START Recorded data

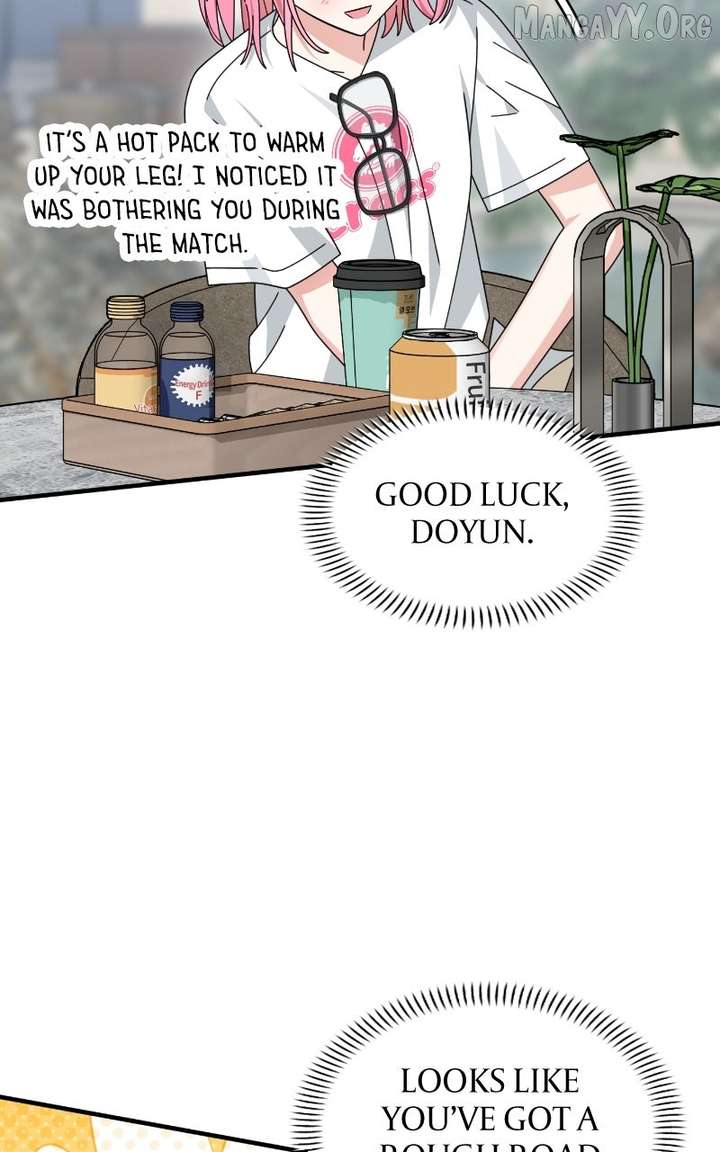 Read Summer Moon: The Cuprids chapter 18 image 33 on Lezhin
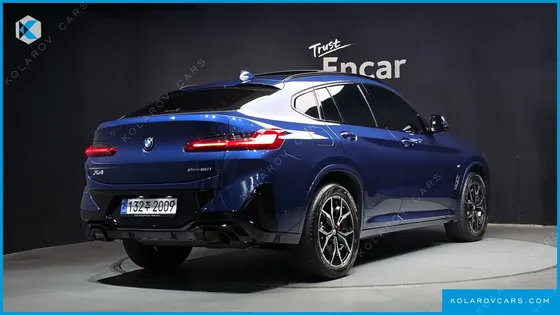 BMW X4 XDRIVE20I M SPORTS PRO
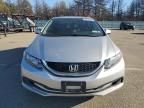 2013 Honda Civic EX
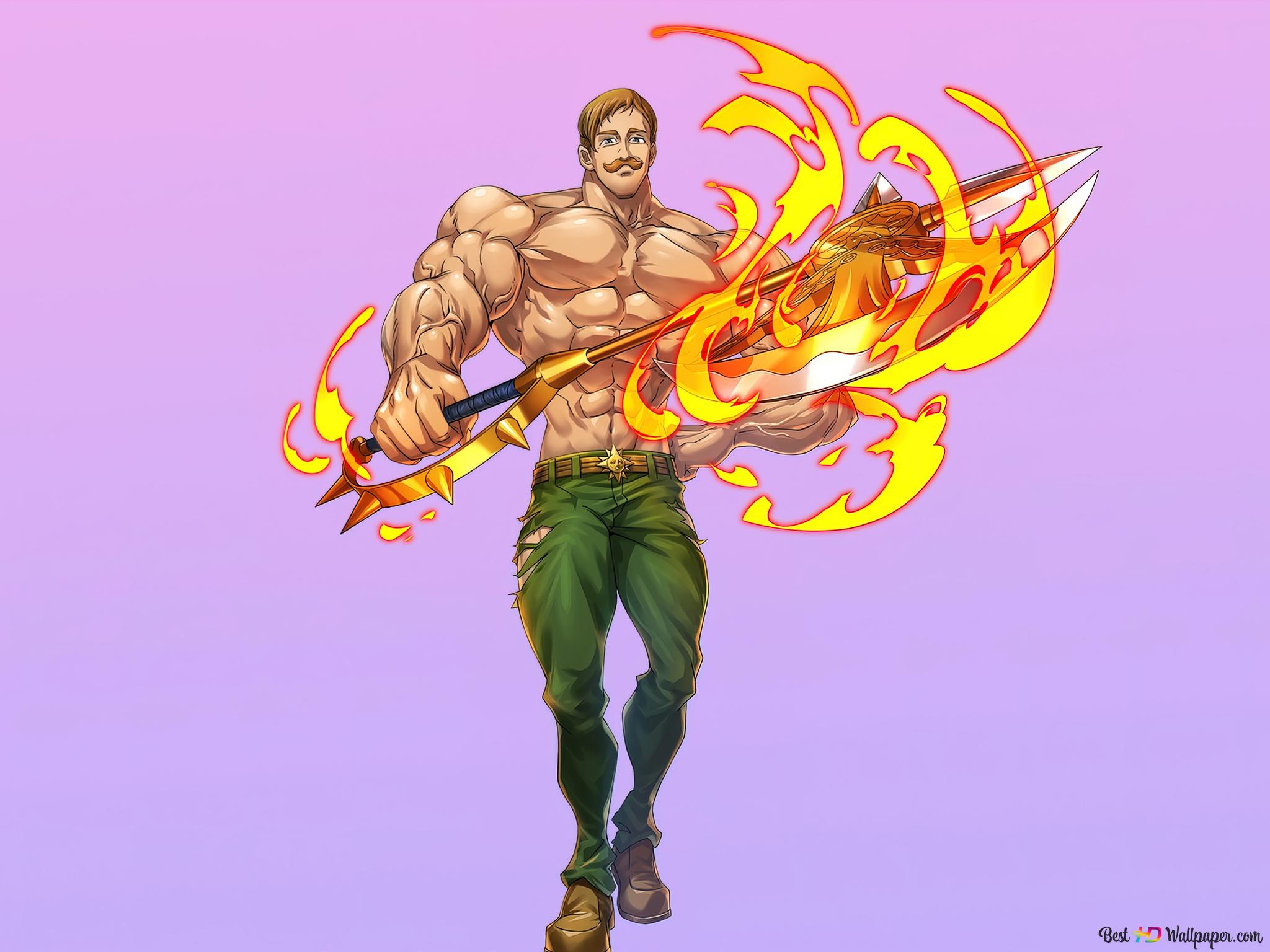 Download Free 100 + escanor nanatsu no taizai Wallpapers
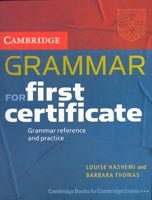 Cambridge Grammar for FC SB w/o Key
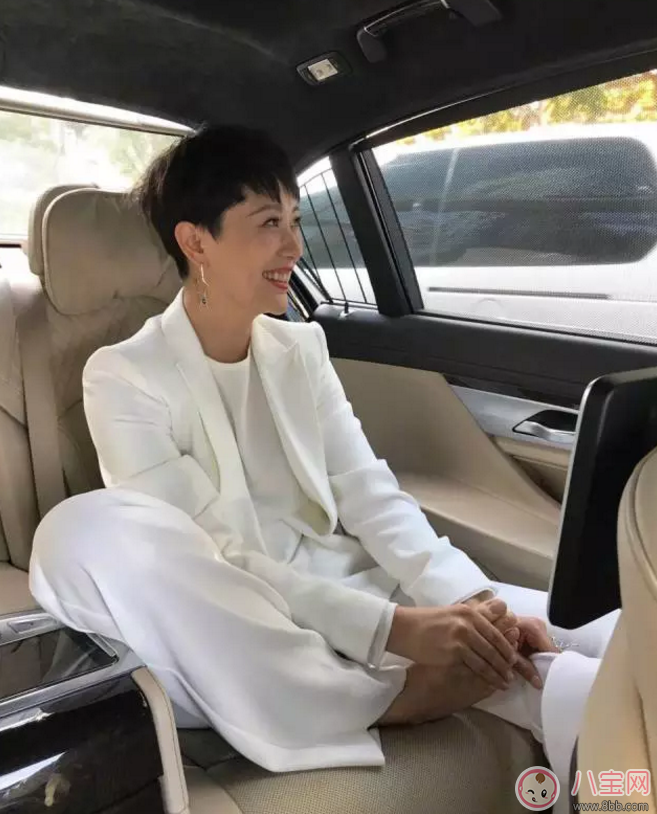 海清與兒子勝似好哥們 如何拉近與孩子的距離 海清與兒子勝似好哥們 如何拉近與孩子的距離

END Recorded data
START Recorded data

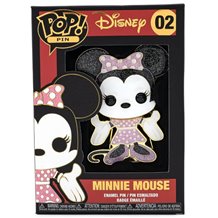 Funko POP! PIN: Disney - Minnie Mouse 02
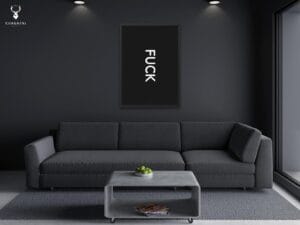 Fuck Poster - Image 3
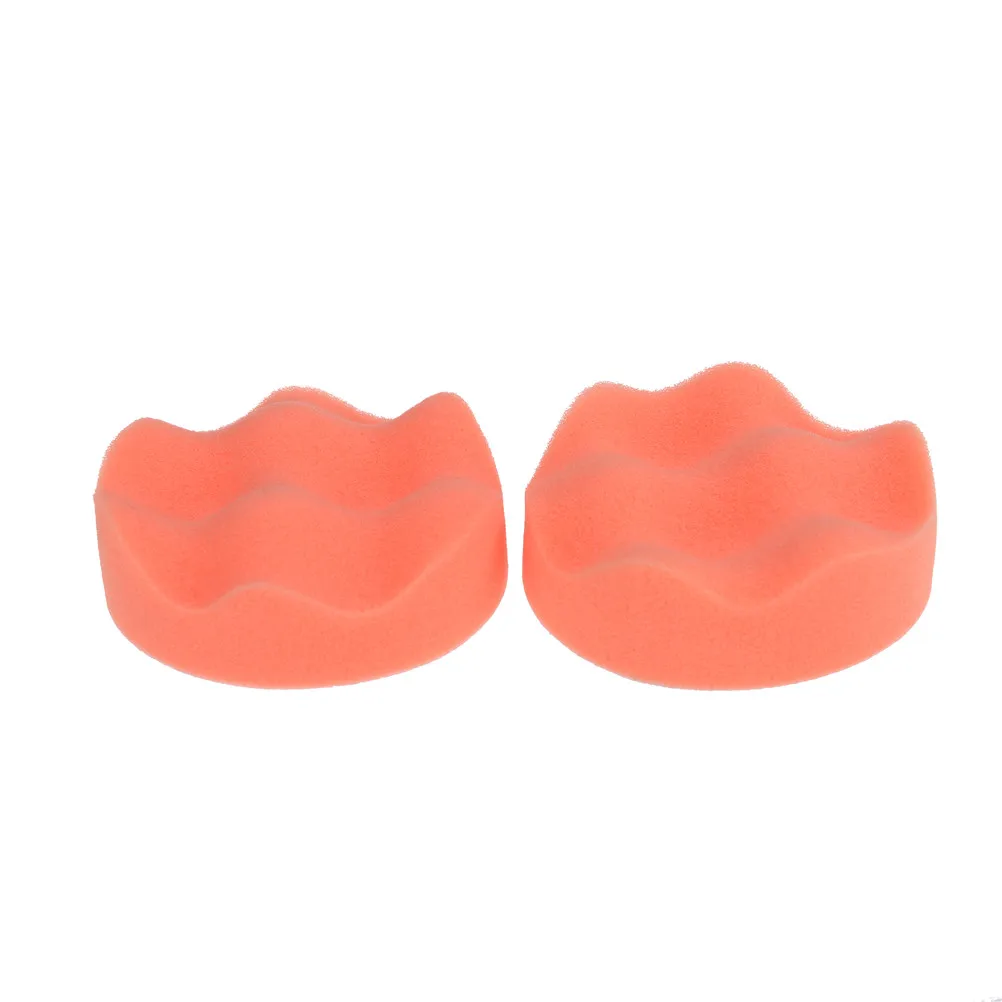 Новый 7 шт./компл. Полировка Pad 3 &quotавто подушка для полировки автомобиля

END Recorded data
START Recorded data

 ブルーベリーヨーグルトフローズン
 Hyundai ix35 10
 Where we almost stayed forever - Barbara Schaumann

END Recorded data

* _Task description_:
Within the material above, find the part that opens with the line containing "BMW X4 XDRIVE20I M SPORTS PRO" and closes with the line containing "海清與兒子勝似好哥們 如何拉近與孩子的距離 海清與兒子勝似好哥們 如何拉近與孩子的距離", and reproduce it exactly without the pictures.

* _Finished task_:
 BMW X4 XDRIVE20I M SPORTS PRO
 2013 Honda Civic EX
 Download Free 100 + escanor nanatsu no taizai Wallpapers
 Cambridge Grammar for FC SB w/o Key
 海清與兒子勝似好哥們 如何拉近與孩子的距離 海清與兒子勝似好哥們 如何拉近與孩子的距離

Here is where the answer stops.